La proposta condivisa con l’Associazione Tessile e Salute? Creare un Osservatorio nazionale dotato di poteri di controllo per frenare l'ingresso indiscriminato di prodotti sul mercato italiano. Il direttore di Tessile e Salute, Mauro Rossetti, va giù duro. «Ci sono già Paesi nel mondo che si sono dotati di organi di controllo sulla composizione dei capi di abbigliamento. Paradigmatico è il caso di un grande gruppo che produce in Cina capi di abbigliamento che non possono essere venduti nella stessa Cina perché non rispettano i parametri che il paese impone per l'accesso al suo mercato interno».

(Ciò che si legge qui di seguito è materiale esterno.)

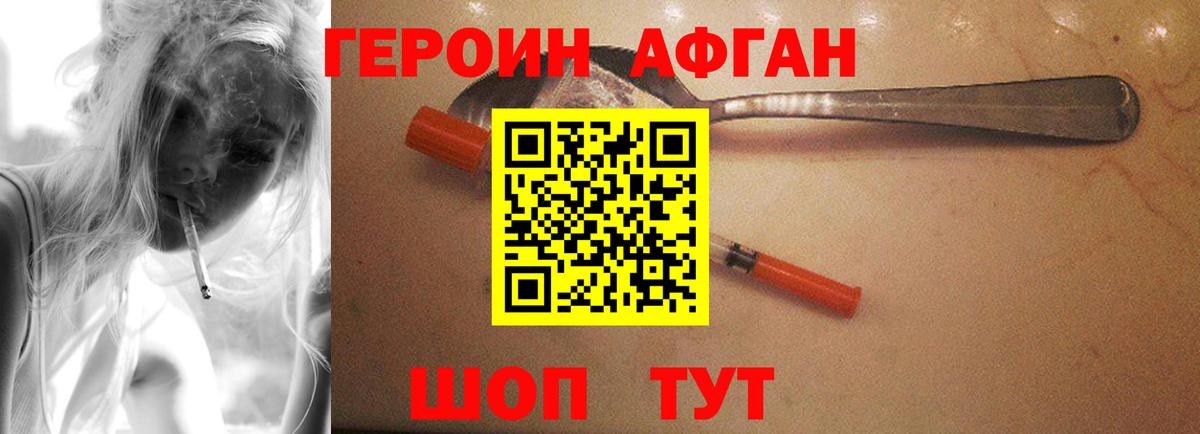 Героин  Вход с VPN  Котовск  Героин VHQ 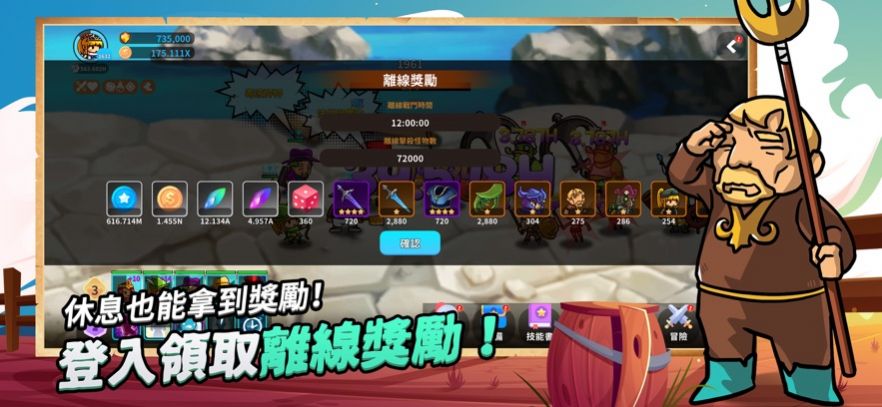 迷你星特攻隊(duì)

Non è solo un problema di etichette non veritiere. «Non dimentichiamoci - continua Rossetti - che i capi di abbigliamento, e specialmente le calze e l'intimo, possono dare seri problemi di salute nel caso siano stati trattati con sostanze pericolose, essendo prodotti che vengono e rimangono a contatto con la pelle per lungo tempo. L'applicazione del regolamento Reach, che dovrebbe garantirci su questo fronte, se non è realizzata in modo intelligente è destinata a creare ulteriori difficoltà alle imprese italiane».
L'obiettivo è quindi l'istituzione di un Osservatorio nazionale che possa controllare «se nella merce importata si trovino tracce di composti pericolosi, che anche se non vietati, possano essere al di sopra di limiti cogenti». «È l'unica strada possibile, perché anche in sede comunitaria si esca dall'attuale situazione di ambiguità, che permette i comportamenti scorretti e pericolosi. Se le imprese italiane, e in prospettiva europee, non possono usare una certa sostanza chimica, allora la stessa non deve assolutamente poter essere presente nei prodotti importati».

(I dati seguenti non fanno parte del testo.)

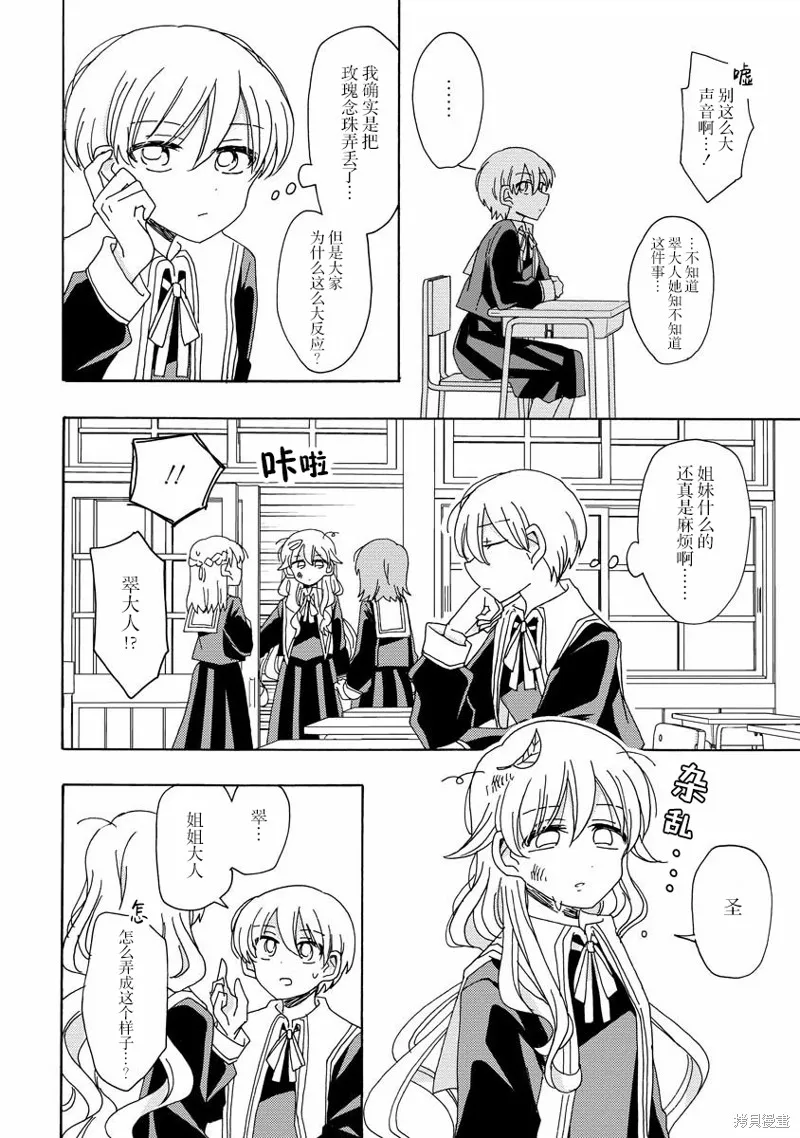 第10话 第12页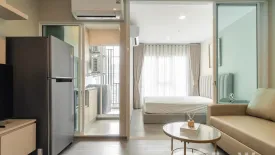 1 Bedroom Condo for rent in Regent Home Bangna, Bang Na, Bangkok near BTS Bang Na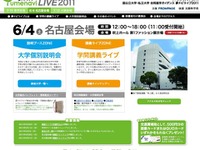 国公私立86大学が参加「夢ナビライブ」 6月4日 画像
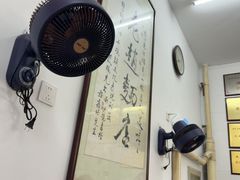 -老赵面店(大西路店)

Il presidente di Adici insiste sul punto, snocciolando i risultati dell’indagine autoprodotta prelevando campioni di calze e intimo nei centri commerciali, nei discount e nei negozi: «Ben il 15% dei prodotti esaminati risulta sprovvisto di etichettatura, e il rimanente 34% del campione riporta composizione non veritiera, filati non dichiarati, con i rischi che ne possono derivare per la salute del consumatore. In altri termini i consumatori possono trovarsi ad acquistare capi dichiarati per esempio in lana quando in realtà sono realizzati in filati d'altro genere, meno nobili, come l'acrilico. Per quanto riguarda le sostanze pericolose, nel 4% dei casi abbiamo trovato ammine aromatiche cancerogene, nel 4% coloranti allergenici, nel 6% metalli pesanti e nel 4% formaldeide. E un caso su dieci di dermatiti da contatto deriva dalla presenza di queste sostanze».
«Il Ministero della Salute - insiste Rossetti - in passato si è dichiarato pronto ad essere coinvolto in questa partita. Si tenga conto che il 100% dei casi in cui si sono avuti problemi di salute connessi a capi di abbigliamento, in particolare di contatto tra pelle e tessuto, ha visto coinvolti capi di provenienza estera». «L'Osservatorio non può essere la soluzione a tutti i problemi del settore - conclude Bondioli - ma sarebbe comunque un grosso aiuto nell'immediato alle nostre aziende».